In vitro, the major circulating metabolite for lorlatinib showed a low potential to cause drug-drug interaction by inhibiting CYP1A2, CYP2B6, CYP2C8, CYP2C9, CYP2C19, CYP2D6, and CYP3A, or by inducing CYP1A2, CYP2B6, and CYP3A.
In vitro studies of UDP-glucuronosyltransferase (UGT) inhibition: In vitro studies indicated that clinical drug-drug interactions as a result of lorlatinib-mediated inhibition of the metabolism of substrates for UGT1A4, UGT1A6, UGT1A9, UGT2B7, and UGT2B15 are unlikely to occur. In vitro studies indicated that lorlatinib is an inhibitor of UGT1A1 and that it activates PXR, with the net effect in vivo being weak UGT induction.
In vitro studies indicated that clinical drug-drug interactions as a result of inhibition by the major lorlatinib circulating metabolite of substrates for UGT1A1, UGT1A4, UGT1A6, UGT1A9, UGT2B7, and UGT2B15 are unlikely to occur.
In vitro studies with drug transporters: In vitro studies indicated that clinical drug-drug interactions as a result of lorlatinib-mediated inhibition of breast cancer resistance protein (BCRP, systemically), multidrug and toxin extrusion protein (MATE)2K, organic anion transporter (OAT)1, and organic cation transporter (OCT)2 are unlikely. In vitro studies indicated that lorlatinib is an inhibitor of P-glycoprotein (P-gp) and that it activates PXR, with the net effect in vivo being moderate induction. Lorlatinib may have the potential to inhibit BCRP (GI tract), OATP1B1, OATP1B3, OCT1, MATE1, and OAT3 at clinically relevant concentrations.
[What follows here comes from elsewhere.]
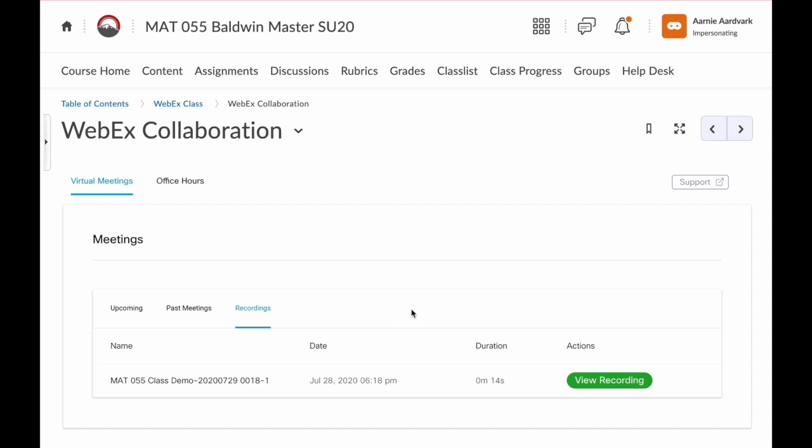Before we go, notice the other tab here at the top of this page, Office Hours. Watch the next video on how to schedule virtual office hours to see how to use this tool to schedule a one-on-one session with your instructor. Hope you have a great semester. Bye!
In vitro studies indicated that clinical drug-drug interactions as a result of inhibition by the major lorlatinib circulating metabolite of substrates for P-gp, BCRP, OATP1B1, OATP1B3, OAT1, OAT3, OCT1, OCT2, MATE1, and MATE2K are unlikely to occur.
In vivo studies with drug transporters: A drug interaction study conducted in NSCLC patients indicated that lorlatinib is a moderate inducer of P-gp. P-gp substrates with narrow therapeutic index (e.g., digoxin) should be used with caution in combination with lorlatinib due to the likelihood of reduced plasma concentrations of these substrates.